The Use of Medicines in the U.S. 2022
Usage and spending trends and outlook to 2026
Institute Report
Apr 21, 2022

Web Summary

While the nation’s primary healthcare focus remains on the COVID-19 pandemic as we move through the third year of its disruptive effects and the death toll approaches 1 million, other important dynamics are playing out with respect to the utilization of health services, the use of prescription medicines, and the associated spending levels, including patient out-of-pocket costs. Understanding these elements of the health system and how they may evolve over the next five years remains critical to decision-makers and stakeholders – including patients.

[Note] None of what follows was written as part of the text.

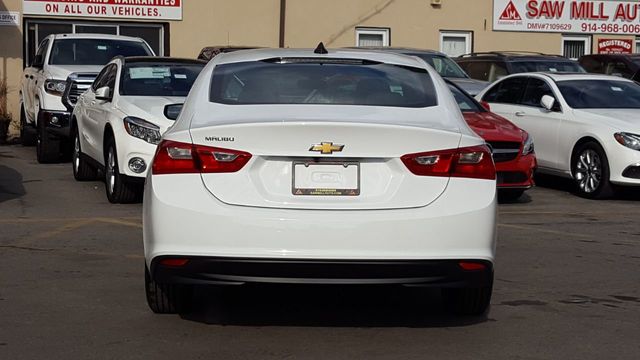 2018 Chevrolet Malibu LS - 18177051 - 4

This annual trend report - The Use of Medicines in the U.S. 2022 – is intended to provide a grounding in relevant information across a range of issues with both short- and long-term implications. It includes the Health Services Utilization Index, which tracks a range of healthcare activities that affect the use of medicines.

Spending and growth drivers reflect the significant differences in levels of spending by stakeholders as discounts and rebates distort these trends even as the most impactful driver has been the amount spent on COVID-19 vaccines and therapeutics. An overview of patient out-of-pocket costs shows that while most patients’ costs are falling, a small proportion have high costs which impact their use of medicines with implications for their health outcomes.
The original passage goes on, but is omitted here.